One of the greatest instruments he deployed to achieve that dream was the Radio
Biafra with which he continuously lampooned the Federal Government. A man of
his conviction, he took his activities to the extreme and did not pretend that
he could even pay the supreme price for the liberation of his people. The IPOB
leader was once quoted to have said he is an Igbo Jew, part of a group who
believe they are descendants of the lost tribe of Israel who settled in West
Africa.
Speaking
ahead of the 50th anniversary of Biafran war to Al-Jazeera despite being banned
by the court not to grant interviews, Kanu had made it clear that the demand
for the secession of Ndigbo from Nigeria is because the nation seems not to be
functioning and can never function.
He decried
the marginalisation of the Igbo in Nigeria, saying that they have been
prevented from aspiring to assume important positions in the country. Kanu like
in the words of Philip Brooks, believes that, “no man has come to true
greatness who has not felt that his life belongs to his race, and that which
God gives to him, He gives him for mankind”.
Hero or villain
For Kanu,
many believe that heroism was thrust on him by President Muhammadu Buhari’s
administration following his arrest, detention and eventual release on bail. The
news of the arrest of Mr Kanu generated protests across parts of Delta, Enugu,
Rivers, Cross River, Abia, Imo, and Anambra states.
The argument
is that the activist has been operating long before the All Progressives
Congress (APC) government came on board and many Nigerians hardly knew that any
name like Nnamdi Kanu ever existed. The permutation is that the strategy
adopted by the government through the Department of State Security (DSS)
magnified IPOB, which Kanu leads and shot his popularity up to high heavens.
His popularity rating was boosted when he was denied bail after orders to do so
by several courts of competent jurisdiction. Kanu was arraigned by the DSS on
November 23, 2015 in an Abuja Magistrate Court for the first time for charges
of “criminal conspiracy, intimidation and membership of an illegal
organisation.” The charges, they said violated “Section 97, 97B and 397” of
Nigeria’s penal code.
On the date
of the case, Kanu’s supporters stormed Abuja in luxury buses on a peaceful
protest for their leader who was arraigned before the Wuse Zone 2 Magistrate
Court with placards amid dancing and singing outside the court premises whilst
hearing proceeded.

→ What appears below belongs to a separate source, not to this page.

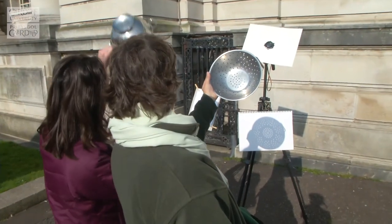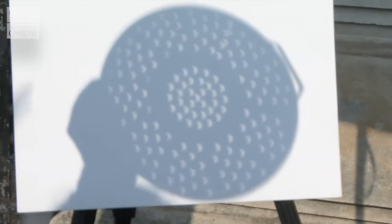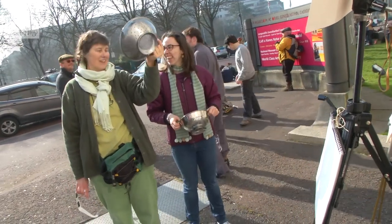This is sort of named the colander eclipse, because people find that if you hold a colander up — with lots of really small round holes in it — you can actually get lots of images of the solar eclipse. So it's a really nice homemade way of being able to see the solar eclipse for absolutely no money at all.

Protesters wore T-shirts and caps with inscriptions like
“Biafra Now or Never”, “Buhari Release Kanu For Us”, “On Biafra We Stand”.
The
government ignored initial court orders calling for Kanu’s bail before bowing
to the recent one, which eventually led to his release on bail, on April, 28,
2017. But the bail conditions were harsh as the IPOB leader was banned from
public speaking, granting press interviews or being in a group of more than 10
people.
As a
condition of that bail, Kanu was also asked to bring a prominent Igbo leader, a
wealthy resident of Abuja and a senior Nigerian Jewish leader to provide N100m
($260,000; £200,000) each as surety to the court. So, from the government’s
perspective, Kanu is an enemy of the state whose activities should be nipped in
the bud. But for very many others, he is a hero and a prisoner of conscience.
While he was
in prison, many prominent Nigerians including Governor Ayo Fayose of Ekiti
state, former governor of Abia State and eminent businessman, Dr Orji Uzor
Kalu, former governor, Central Bank of Nigeria, Prof Charles Soludo among
others visited him and further made him a celebrity even while in detention.
Cult figure
among Ndigbo
Among Ndigbo
worldwide, particularly in the South East zone, Kanu has become a small god. In
the social media, pictures of those who are short of worshipping him like a deity
have often appeared in some platforms. His Abia State home has become a Mecca
of some sorts. Going by the figures from Amnesty International, more than 150
Igbo youths were martyred in the struggle for his release.
Many still
wonder why the leader of IPOB has overshadowed his counterpart and founder of
the Movement for the Actualisation of the Sovereign State of Biafra(MASSOB),
Chief Ralph Uwazuruike. Not a few believe that the average Igbo youth sees Kanu
as the new face of the Biafran struggle unlike Uwazuruike who had been around
over the years with allegations of having compromised the spirit of the fight
for liberation. The youth in the South East see him as the true son of Biafra
having remained unbowed despite the intimidation and harassment in the hands of
the state.
Kanu is
worshipped and deified because in the eyes of many, he did what many Igbo
leaders were either too afraid to do or unwilling to do because of their
selfish interests. He dared to be different and spoke out against the powers
that be whose project appears to have been to always put the Igbo at a
disadvantage in the nation’s scheme of things. Many believe that Kanu has
successfully taken up the gauntlet and waged a mind war against the establishment,
hence his popularity among the Igbo masses.
Sit-At-Home
Order
On Tuesday,
May 30 , the entire South East was shut down following the sit-at-home order by
the Kanu’s IPOB, to mark the 50th anniversary of the declaration of the defunct
Republic of Biafra and to honour heroes and heroines of the struggle. Apart
from the East, the directive was partly complied with in Port Harcourt, Asaba
and Bayelsa but ignored in Uyo.
Most
markets, banks and schools in Abia, Anambra, Ebonyi, Enugu and Imo states, including
those in the rural areas, were closed and the roads were totally deserted in
the early hours of the morning. In Enugu, the order was also largely complied
with as schools, banks, markets and other commercial activities were paralysed,
with police helicopters hovering around the state capital. The shutdown of the
states was in spite of the plea by South-East governors and massive police and
security presence, who patrolled streets and carried out air surveillance with
helicopters to ensure that there was no breakdown of law and order.
According to Sun news, Following
the success of the sit-at-home directive, IPOB congratulated Ndigbo worldwide
for showing total compliance with the order. IPOB, in a statement by its Media
and Publicity Secretary, Mr Emma Powerful, said the compliance with the
directive was an indication that Ndigbo all over the world were tired of the
Nigerian federation and ready to leave the country. His words: “Our Supreme
Leader, Mazi Nnamdi Kanu issued this order of sit-at-home when he was still in
Kuje Prisons, Abuja and it has come to pass. All the people of Biafra both at
home and abroad complied in totality without any compulsion, which has not
happened in the history of the Biafran struggle.”